| REQUIRED ACTION |
Retype, word for word, only the lines from the one with "Imagem -02 - Chic" through the last line of the data below.

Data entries
::::

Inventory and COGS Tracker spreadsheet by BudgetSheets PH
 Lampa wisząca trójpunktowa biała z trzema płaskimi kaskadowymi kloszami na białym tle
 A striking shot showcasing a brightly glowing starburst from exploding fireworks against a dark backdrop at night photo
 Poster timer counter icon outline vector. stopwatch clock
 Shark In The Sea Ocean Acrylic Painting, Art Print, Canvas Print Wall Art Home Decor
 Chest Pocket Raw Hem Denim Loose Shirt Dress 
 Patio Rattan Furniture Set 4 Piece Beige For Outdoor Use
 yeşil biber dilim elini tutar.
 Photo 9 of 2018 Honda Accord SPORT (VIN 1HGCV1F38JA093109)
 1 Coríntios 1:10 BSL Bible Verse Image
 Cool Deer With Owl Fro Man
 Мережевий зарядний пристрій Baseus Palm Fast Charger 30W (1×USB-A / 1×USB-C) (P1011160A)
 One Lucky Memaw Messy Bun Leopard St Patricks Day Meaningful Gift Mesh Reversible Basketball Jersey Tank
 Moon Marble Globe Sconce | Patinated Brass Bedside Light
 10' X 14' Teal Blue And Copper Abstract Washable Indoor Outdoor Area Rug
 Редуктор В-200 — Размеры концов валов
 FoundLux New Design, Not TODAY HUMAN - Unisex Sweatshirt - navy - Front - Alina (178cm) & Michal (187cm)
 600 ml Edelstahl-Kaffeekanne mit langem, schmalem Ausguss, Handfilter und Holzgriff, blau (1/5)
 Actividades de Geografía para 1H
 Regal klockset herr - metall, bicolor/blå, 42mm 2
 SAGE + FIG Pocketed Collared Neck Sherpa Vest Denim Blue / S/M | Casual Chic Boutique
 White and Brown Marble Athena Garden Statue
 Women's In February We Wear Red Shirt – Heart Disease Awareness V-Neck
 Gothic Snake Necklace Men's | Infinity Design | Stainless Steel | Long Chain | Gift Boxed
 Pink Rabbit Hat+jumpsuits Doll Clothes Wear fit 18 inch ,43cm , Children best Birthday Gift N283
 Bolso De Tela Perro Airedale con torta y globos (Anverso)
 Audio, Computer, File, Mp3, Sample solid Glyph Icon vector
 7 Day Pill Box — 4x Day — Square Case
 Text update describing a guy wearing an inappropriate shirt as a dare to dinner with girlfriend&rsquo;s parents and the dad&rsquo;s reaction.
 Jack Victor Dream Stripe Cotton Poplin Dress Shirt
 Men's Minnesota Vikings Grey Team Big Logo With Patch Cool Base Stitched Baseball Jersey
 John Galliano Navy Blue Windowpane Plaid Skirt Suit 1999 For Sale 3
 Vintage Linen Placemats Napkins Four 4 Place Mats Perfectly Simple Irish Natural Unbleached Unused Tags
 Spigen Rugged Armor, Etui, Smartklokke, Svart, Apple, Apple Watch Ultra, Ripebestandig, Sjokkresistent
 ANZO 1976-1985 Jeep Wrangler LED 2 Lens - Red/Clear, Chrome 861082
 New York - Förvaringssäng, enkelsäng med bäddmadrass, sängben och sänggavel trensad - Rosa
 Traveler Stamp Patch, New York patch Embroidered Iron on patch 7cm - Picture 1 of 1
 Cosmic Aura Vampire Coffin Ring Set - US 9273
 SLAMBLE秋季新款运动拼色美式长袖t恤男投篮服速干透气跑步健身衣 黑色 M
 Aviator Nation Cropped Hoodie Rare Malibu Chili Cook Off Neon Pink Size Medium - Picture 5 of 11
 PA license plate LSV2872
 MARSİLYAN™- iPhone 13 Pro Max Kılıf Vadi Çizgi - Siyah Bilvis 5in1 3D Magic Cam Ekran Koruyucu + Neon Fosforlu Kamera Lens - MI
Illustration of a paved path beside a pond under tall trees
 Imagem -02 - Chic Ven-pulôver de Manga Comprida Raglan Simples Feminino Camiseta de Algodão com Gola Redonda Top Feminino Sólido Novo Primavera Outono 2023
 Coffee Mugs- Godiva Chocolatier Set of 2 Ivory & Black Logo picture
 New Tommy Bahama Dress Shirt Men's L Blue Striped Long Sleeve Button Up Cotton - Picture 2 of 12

::::

| YOUR RESPONSE |
 Imagem -02 - Chic Ven-pulôver de Manga Comprida Raglan Simples Feminino Camiseta de Algodão com Gola Redonda Top Feminino Sólido Novo Primavera Outono 2023
 Coffee Mugs- Godiva Chocolatier Set of 2 Ivory & Black Logo picture
 New Tommy Bahama Dress Shirt Men's L Blue Striped Long Sleeve Button Up Cotton - Picture 2 of 12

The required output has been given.